AI Chips Technology Trends & Landscape (Mobile SoC, Intel, Asian AI Chips, Low-Power Inference Chips)
At last but not least, we will cover the second half of the AI chip companies. This includes a wide spectrum of product offerings from Intel and the Mobile SoC (System on a Chip) from Apple, Qualcomm, and Samsung that comes with multiple Neural Processing Unit (NPU) cores. Then, we will go over chips that are specific for AI accelerations. In addition, Asian countries have put AI development as a strategic priority, so we will look into their offerings. Finally, we will close our discussion with one important and competitive market segment — the low-power AI edge devices.
Intel acquired Habana Labs in late 2019 for 2 billion. Let’s see what Intel gets for the money. Habana Labs offers Gaudi for AI training and Goya for inference. A Gaudi 2000-HL chip contains a cluster of eight Tensor Processing Core (TPC) and an accelerated GEMM (matrix multiplication) engine (left diagram below). Each core supports VLIW SIMD in exploring instruction-level parallelism and data parallelism. It also supports mixed precision calculations.

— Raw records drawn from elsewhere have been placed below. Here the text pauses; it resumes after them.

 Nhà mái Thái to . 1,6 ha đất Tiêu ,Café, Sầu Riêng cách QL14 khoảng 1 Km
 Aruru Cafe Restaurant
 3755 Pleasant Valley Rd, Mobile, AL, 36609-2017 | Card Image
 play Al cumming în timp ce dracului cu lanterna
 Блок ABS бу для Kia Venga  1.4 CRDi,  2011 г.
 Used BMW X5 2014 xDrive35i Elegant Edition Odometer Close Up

In the HLS-1 system (Habana Labs System-1), it contains eight HL-205 OAM Mezzanine cards and each card contains a Gaudi 2000-HL chip with 4 HBM memories on a single-chip package.

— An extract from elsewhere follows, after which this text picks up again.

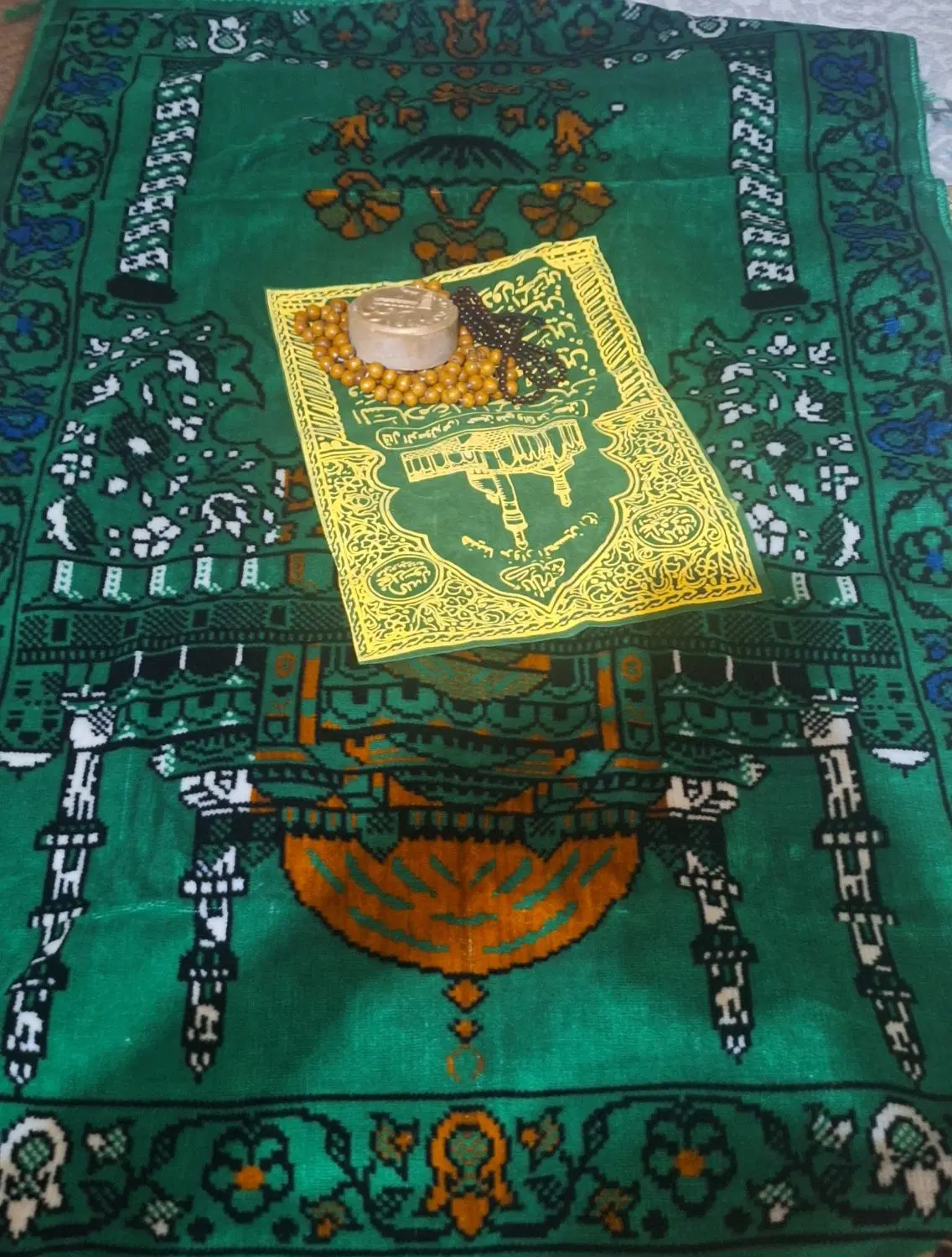 دو عدد سجاده دست نخورده|فرش|اصفهان, کوجان|دیوار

Each chip implements ten ports of 100Gb Ethernet with the support of remote direct memory access (RDMA). In HLS-1, all chips are connected all-to-all on the PCB using seven 100Gb Ethernet ports. This design allows commodity networking equipment instead of a proprietary solution like Nvidia NVLink. This is the centerpiece of their strategy of using multiple Ethernet between nodes in training a large DNN that requires multiple nodes. The high bandwidth between nodes lessens the overhead of operations like reduce, all reduce, gather, and broadcast.

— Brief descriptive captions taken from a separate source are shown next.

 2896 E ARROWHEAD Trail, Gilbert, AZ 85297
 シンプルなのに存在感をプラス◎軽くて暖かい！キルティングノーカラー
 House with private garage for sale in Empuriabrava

Habana’s Goya, with the HL-1000 processor, is dedicated to inference workloads.
Here is the general information available from a third-party source on the Gaudi processor.
This is the specification for the Goya inference card:
Intel has a wide spectrum of product offerings in AI, including those billion dollars acquisitions.
- CPU with MKL-DNN: MKL-DNN is a math kernel library in accelerating DNNs.
- Integrated GPU: Utilize on-chip processor graphics.
- VPU Movidius: Used in machine vision for low power devices.
Movidius includes hardware accelerators for both DNN and imaging/video pipeline.
- Agilex, Stratix FPGA
Microsoft’s Project Brainwave accelerates DNN inferencing in major services such as Bing’s intelligent search features and Azure.
Brainwave applies Intel Stratix 10 FPGAs for its NPU (neural processing unit) design for real-time AI. This NPU has a SIMD vector processor architecture. It contains a dense matrix-vector multiplication unit capable of processing low batch inferencing with high utilization. There are other units that perform element-wise vector-vector operations and activation functions. Stratix 10 FPGAs are picked for its implementation because of the short-latency focus on the FPGA.
- Habana Labs Gaudi and Goya (discussed in the last section).
Intel’s diverse product offering can be a major headache for developers and its AI strategy. To address this heterogeneous environment, Intel offers OpenVINO to code and deploy the inference in a device-agnostic way. Each type of accelerator will provide a runtime plugin to handle the difference automatically. In addition, multiple inference pipelines can be distributed and run on different devices in parallel.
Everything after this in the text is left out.